I drove through Kooskia, (pronounced “Koo-skee”) past the Opera House, the funeral parlor, and the market, heading to Syringa, on the meandering Highway 12.

Distant trees stood tall and blue-gray, and their colors popping against the blue sky, accompanied by the ongoing river, created brilliant combinations.

The area was rich with an almost tangible lore; Chief Looking Glass, Sasquatch, the Kooskia Internment Camp of World War II with its legendary residents who built the highway, created deeply touching artwork, and courageously convinced the powers that be toward fairer treatment. Adding to the history was the abundant rainfall, mountains, and glistening water on the winding rivers, not to mention the wildlife. Bear, cougar, moose, wolves, elk, whitetail deer, wild turkeys, rabbits, beaver, otters, bald eagles, osprey, Canadian geese, trout, Steelhead, Chinook salmon, and Whitefish. 

And then there’s the recreation: Whitewater rafting, tubing, hiking, biking, fishing, horseback riding, hunting, and lots of other things, I’m sure.

“We're not in the middle of nowhere, but one can see it from here…” said the ad for the Lewis and Clark Trail Cabin at Syringa, where I’d reserved a two nights’ stay. 

With its fire ring, Little Smith Creek trickling through the backyard, a horseshoe pit, old school furniture and enclosed porch, charm wove through every photo.

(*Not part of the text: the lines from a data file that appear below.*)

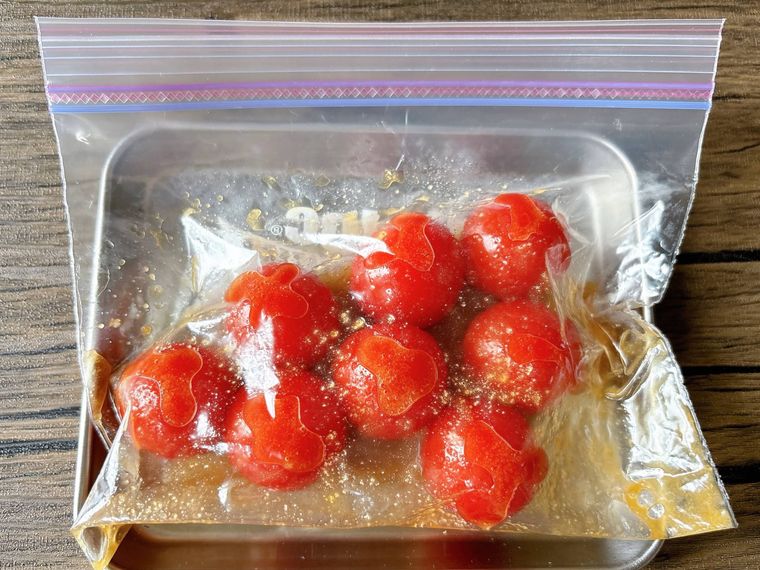 ミニトマトが入ったジッパー付き保存袋を金属トレーに入れたもの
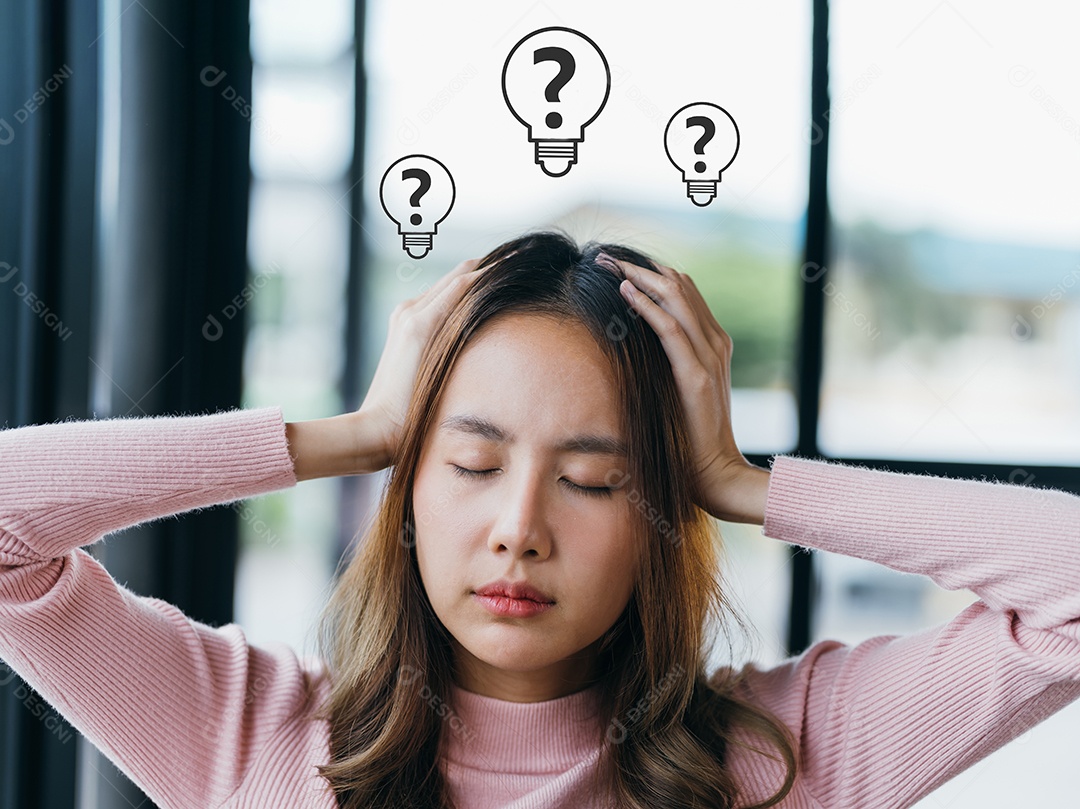 Mulher pensante tocando a cabeça em muitas perguntas com sinais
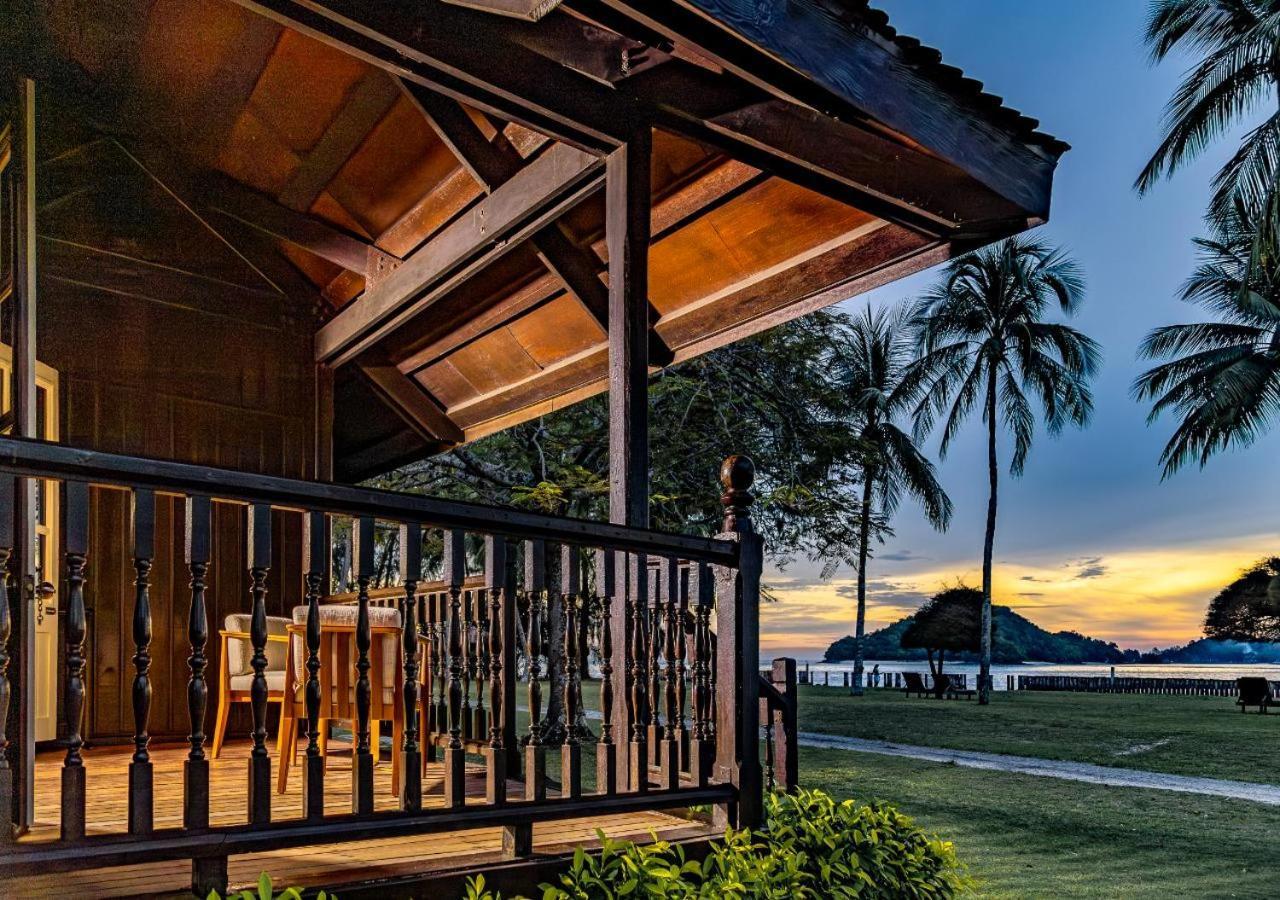 Pelangi Beach Resort & Spa, Langkawi Екстериор снимка Sunset at the resort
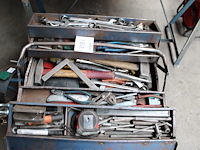 Werkplaatswagen / laskar met gereedschappen en gereedschapskist. gereedschapskist gevuld met schroevendraai... - afbeelding 3 van  3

It wasn’t long before I spotted my getaway on Little Smith Creek Road. Parking under a large cedar tree, owner Scott Swearingen was there to offer help. After brief introductions and comments about the cedar tree shading us (“The cedars only grow in certain places”), I was asked if I had any questions.

I did.

“Is it safe to hike around? What about the bears and mountain lions?”

“Just make some noise, you’ll be okay. Let them know you’re there,” Scott replied.
“---that’s not what another lodge owner told me once about this area,” I countered, doubting.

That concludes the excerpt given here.